▶ **Directions**:
Return only the final portion of the entries: the line with "Qualcomm's Toq smartwatch" and every line after it, each one exact.

[Records from a dataset]
----------

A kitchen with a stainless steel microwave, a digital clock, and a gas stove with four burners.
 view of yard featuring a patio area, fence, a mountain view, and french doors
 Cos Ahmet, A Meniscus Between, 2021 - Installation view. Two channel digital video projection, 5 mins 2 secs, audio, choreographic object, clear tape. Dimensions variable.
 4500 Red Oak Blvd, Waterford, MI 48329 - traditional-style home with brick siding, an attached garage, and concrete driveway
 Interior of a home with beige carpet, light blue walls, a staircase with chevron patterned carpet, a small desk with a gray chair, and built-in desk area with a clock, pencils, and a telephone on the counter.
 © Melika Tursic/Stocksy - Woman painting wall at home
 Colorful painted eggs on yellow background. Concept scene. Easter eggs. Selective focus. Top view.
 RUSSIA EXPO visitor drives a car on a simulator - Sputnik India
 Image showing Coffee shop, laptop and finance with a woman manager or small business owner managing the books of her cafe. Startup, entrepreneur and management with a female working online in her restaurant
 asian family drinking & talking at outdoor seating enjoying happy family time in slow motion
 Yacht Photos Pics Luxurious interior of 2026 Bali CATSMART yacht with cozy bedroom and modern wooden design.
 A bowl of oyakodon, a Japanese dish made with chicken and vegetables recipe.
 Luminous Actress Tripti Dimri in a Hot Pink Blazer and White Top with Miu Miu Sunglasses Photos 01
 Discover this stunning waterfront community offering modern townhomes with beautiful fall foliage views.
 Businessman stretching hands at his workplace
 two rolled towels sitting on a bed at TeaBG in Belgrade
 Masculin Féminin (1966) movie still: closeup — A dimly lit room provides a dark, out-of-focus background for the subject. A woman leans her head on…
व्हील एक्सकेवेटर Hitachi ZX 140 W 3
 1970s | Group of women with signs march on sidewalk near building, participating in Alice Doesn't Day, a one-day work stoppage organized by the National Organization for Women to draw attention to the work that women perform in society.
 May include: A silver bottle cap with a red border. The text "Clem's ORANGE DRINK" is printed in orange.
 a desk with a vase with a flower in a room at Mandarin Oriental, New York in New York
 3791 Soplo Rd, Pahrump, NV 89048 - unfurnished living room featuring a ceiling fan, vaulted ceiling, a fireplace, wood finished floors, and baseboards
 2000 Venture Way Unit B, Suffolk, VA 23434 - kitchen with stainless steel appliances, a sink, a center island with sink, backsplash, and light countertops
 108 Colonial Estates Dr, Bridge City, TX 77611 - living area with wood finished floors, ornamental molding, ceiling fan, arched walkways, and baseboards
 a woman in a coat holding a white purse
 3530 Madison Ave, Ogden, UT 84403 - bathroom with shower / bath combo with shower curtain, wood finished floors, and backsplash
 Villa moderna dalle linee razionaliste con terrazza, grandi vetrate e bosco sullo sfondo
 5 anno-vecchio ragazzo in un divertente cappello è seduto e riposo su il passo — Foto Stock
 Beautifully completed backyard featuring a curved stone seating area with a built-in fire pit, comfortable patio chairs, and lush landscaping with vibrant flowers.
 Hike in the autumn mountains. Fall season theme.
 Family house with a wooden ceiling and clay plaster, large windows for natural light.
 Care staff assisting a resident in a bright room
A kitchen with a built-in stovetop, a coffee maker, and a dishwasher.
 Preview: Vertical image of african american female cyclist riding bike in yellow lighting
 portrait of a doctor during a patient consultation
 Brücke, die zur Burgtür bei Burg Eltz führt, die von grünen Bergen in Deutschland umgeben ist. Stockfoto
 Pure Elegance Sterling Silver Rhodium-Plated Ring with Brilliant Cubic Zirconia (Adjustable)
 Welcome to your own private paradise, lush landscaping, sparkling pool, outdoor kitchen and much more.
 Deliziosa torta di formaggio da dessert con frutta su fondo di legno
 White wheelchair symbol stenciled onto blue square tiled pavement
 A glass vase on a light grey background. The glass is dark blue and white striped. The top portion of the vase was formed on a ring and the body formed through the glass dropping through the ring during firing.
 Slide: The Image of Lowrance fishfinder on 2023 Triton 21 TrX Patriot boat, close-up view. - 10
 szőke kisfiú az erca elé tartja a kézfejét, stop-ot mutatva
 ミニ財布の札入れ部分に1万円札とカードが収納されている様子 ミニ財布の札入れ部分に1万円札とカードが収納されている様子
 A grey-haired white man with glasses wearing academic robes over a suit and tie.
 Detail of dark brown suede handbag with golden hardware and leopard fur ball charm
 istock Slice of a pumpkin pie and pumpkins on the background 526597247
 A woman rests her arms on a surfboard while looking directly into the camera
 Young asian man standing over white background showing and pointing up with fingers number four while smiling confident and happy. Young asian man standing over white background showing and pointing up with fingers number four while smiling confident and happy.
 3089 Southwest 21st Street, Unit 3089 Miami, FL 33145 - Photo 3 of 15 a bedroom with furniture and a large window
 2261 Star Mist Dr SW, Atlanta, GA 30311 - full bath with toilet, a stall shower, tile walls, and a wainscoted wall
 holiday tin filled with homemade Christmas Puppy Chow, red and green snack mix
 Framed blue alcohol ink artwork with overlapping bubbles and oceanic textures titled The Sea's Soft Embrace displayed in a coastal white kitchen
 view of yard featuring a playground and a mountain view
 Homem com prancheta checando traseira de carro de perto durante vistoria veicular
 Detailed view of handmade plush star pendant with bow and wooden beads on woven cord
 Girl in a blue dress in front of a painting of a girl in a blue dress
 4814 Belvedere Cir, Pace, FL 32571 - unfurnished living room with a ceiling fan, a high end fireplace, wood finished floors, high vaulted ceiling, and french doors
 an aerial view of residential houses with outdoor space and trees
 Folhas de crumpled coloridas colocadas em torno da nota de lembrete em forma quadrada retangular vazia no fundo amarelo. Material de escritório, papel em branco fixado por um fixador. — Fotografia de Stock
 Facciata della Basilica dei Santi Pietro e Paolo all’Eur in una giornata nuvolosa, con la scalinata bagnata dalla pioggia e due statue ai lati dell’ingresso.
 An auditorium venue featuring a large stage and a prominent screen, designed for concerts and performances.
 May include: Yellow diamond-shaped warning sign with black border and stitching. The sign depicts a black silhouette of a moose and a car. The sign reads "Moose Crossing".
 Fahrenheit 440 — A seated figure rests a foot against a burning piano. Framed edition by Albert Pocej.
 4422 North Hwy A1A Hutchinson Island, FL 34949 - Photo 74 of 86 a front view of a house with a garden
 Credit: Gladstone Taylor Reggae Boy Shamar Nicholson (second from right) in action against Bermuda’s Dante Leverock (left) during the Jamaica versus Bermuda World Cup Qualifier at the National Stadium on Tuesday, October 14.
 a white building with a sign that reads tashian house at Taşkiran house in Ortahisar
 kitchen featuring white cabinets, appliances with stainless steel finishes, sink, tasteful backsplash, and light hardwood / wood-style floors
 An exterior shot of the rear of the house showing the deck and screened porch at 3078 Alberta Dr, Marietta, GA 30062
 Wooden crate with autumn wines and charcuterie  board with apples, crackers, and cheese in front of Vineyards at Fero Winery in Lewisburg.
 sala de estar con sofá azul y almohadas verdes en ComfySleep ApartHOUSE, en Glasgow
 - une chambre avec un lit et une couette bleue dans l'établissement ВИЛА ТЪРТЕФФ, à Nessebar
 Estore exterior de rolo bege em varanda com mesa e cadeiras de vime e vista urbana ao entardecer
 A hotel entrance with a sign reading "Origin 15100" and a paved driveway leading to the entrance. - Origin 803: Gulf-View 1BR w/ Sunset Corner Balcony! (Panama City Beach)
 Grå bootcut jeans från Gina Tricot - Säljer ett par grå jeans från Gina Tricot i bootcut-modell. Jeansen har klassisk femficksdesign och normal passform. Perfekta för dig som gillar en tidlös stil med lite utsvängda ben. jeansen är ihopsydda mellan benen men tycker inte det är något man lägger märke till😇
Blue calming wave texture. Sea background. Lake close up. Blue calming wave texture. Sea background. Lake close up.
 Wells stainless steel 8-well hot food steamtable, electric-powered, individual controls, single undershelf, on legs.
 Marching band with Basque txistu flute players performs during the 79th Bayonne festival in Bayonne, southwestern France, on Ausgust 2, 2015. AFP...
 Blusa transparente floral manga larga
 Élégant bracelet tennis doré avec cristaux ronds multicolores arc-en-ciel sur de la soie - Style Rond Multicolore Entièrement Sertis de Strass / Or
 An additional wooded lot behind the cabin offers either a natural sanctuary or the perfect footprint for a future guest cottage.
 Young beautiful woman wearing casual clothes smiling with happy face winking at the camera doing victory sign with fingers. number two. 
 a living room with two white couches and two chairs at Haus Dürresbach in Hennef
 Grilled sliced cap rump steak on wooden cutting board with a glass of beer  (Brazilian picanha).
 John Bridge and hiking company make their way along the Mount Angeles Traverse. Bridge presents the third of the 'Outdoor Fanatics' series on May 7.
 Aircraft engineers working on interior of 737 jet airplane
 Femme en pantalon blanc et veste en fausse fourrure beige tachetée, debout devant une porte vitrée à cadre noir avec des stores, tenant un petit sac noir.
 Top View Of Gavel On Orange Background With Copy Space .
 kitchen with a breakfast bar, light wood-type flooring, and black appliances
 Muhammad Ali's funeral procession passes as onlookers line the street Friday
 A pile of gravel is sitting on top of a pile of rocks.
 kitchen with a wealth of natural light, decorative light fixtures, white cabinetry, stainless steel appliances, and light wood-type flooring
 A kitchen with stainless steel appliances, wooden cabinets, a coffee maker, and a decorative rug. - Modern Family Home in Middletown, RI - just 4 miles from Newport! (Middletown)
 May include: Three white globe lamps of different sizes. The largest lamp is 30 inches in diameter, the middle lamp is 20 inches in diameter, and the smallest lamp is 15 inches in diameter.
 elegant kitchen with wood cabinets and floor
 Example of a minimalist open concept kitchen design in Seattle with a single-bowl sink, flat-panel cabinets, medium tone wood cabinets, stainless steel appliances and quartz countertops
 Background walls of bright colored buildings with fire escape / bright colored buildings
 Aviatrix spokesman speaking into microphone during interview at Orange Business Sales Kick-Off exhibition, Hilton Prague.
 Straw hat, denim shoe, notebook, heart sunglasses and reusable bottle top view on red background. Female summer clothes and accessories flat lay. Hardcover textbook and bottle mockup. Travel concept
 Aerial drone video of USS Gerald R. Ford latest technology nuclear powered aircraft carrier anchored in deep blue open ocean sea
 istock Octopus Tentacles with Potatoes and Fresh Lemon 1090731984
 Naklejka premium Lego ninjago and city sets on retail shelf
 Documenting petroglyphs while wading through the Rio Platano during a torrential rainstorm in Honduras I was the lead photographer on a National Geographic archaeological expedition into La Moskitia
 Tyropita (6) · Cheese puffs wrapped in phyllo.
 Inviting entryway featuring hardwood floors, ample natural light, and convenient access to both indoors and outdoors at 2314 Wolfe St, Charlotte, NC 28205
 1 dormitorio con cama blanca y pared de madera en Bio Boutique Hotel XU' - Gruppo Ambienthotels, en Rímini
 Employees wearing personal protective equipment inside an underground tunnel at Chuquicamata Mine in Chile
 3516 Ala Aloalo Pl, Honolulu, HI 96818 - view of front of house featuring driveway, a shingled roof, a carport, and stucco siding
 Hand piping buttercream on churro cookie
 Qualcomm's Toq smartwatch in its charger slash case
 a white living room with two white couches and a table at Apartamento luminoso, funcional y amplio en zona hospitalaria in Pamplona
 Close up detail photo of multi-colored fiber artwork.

----------

▶ **Final answer**:
 Qualcomm's Toq smartwatch in its charger slash case
 a white living room with two white couches and a table at Apartamento luminoso, funcional y amplio en zona hospitalaria in Pamplona
 Close up detail photo of multi-colored fiber artwork.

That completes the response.